To learn more about potential issues caused by webhooks and how you can avoid them, see The dark side of Kubernetes admission webhooks on the Cisco Tech Blog.
PodDisruptionBudget¶
For high availability you should also deploy a PodDisruptionBudget resource, with minAvailable=1
or with maxUnavailable=1
. This ensures that a voluntary disruption, such as the draining of a Node, can not proceed until at least one other replica has been successfully scheduled and started on another Node. The Helm charts for Venafi Kubernetes components have parameters to enable and configure a PodDisruptionBudget.
Warning
These PodDisruptionBudget settings are only suitable for high availability deployments. You must increase the replicas
value of each Deployment to more than the minAvailable
value, otherwise the PodDisruptionBudget will prevent you from draining cert-manager Pods.
Learn more
See Specifying a Disruption Budget for your Application in the Kubernetes documentation.
Topology Spread Constraints¶
Consider using Topology Spread Constraints, to ensure that a disruption of a node or data center does not degrade the operation of cert-manager.
For high availability, you don't want the replica Pods to be scheduled on the same Node, because if that node fails, both the active and standby Pods will exit. There will be no further reconciliation of the resources by that controller until there is another Node with enough free resources to run a new Pod, and until that Pod has become Ready.
It is also desirable for the replica Pods to run in separate data centers (availability zones), if the cluster has nodes distributed between zones.
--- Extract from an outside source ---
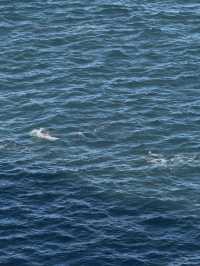 【シドニー郊外】野生のイルカと絶景に出会える場所。Port Stephens で過ごす1日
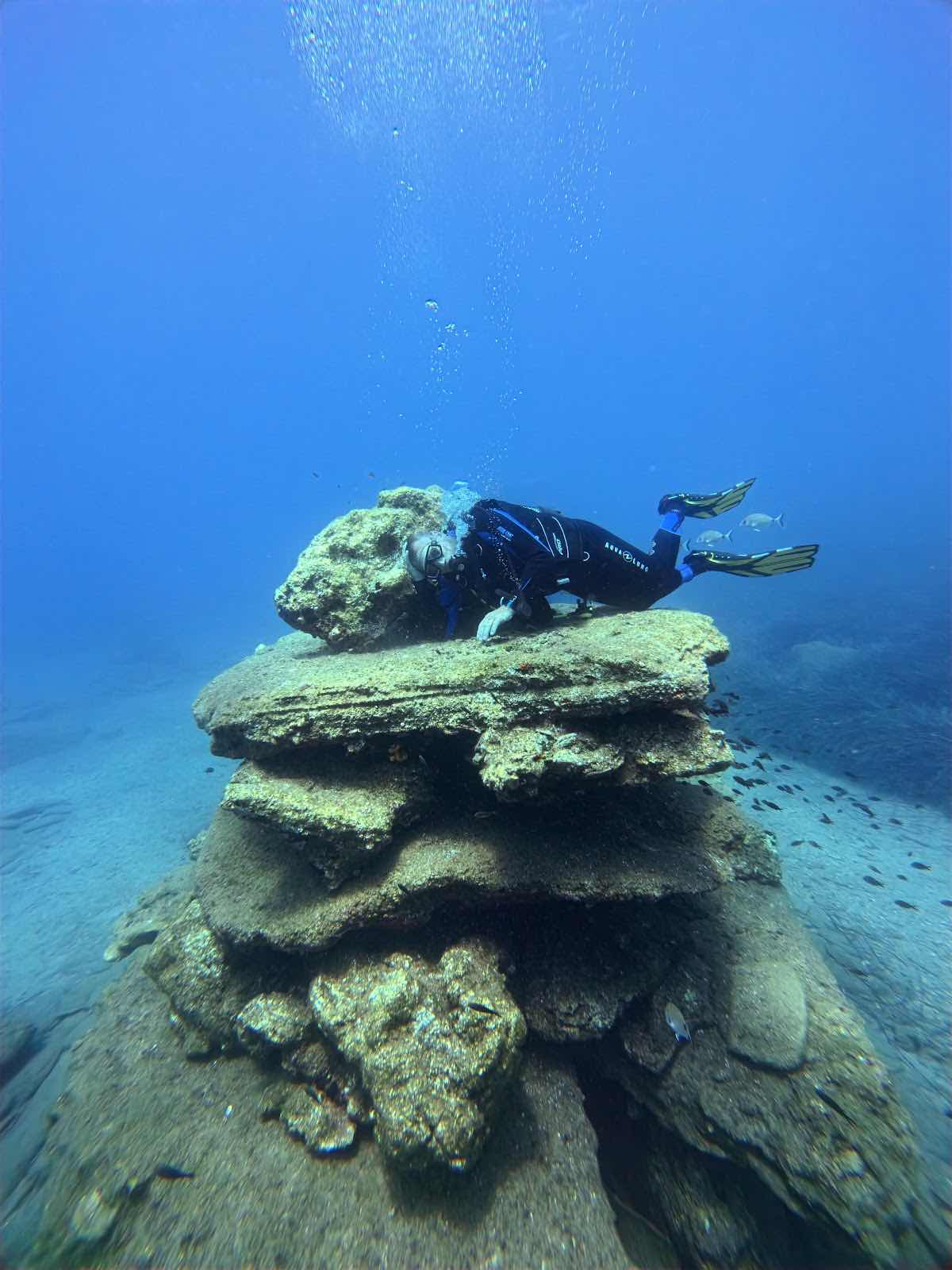 Dolphin Diving Center photo 2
Then, in the event of a failure at the data center hosting the active Pod, the standby Pod will immediately be available to take leadership.
Fortunately, you may not need to do anything to achieve these goals because Kubernetes > 1.24 has Built-in default constraints which should mean that the high availability scheduling described above will happen implicitly. But in case your cluster does not have those defaults, each of the Venafi Kubernetes component Helm charts have parameters to explicitly add Topology Spread Constraints to the Pods.
Liveness Probes¶
Some Venafi Kubernetes components have liveness probes. Those components that have liveness probes have sensible defaults for the following options:
initialDelaySeconds
periodSeconds
timeoutSeconds
successThreshold
failureThreshold
If necessary, you can override the defaults by supplying Helm chart values.
Venafi may add liveness probes to the other components in the future, but only where there is a clear benefit. This cautious approach to liveness probes is guided by the following paragraph in the Kubernetes documentation Configure Liveness, Readiness and Startup Probes:
Liveness probes can be a powerful way to recover from application failures, but they should be used with caution. Liveness probes must be configured carefully to ensure that they truly indicate unrecoverable application failure, for example a deadlock
Background information
The Venafi Kubernetes components are designed to crash when there's a fatal error. Kubernetes will restart a crashed container and if it crashes repeatedly, there will be increasing time delays between successive restarts.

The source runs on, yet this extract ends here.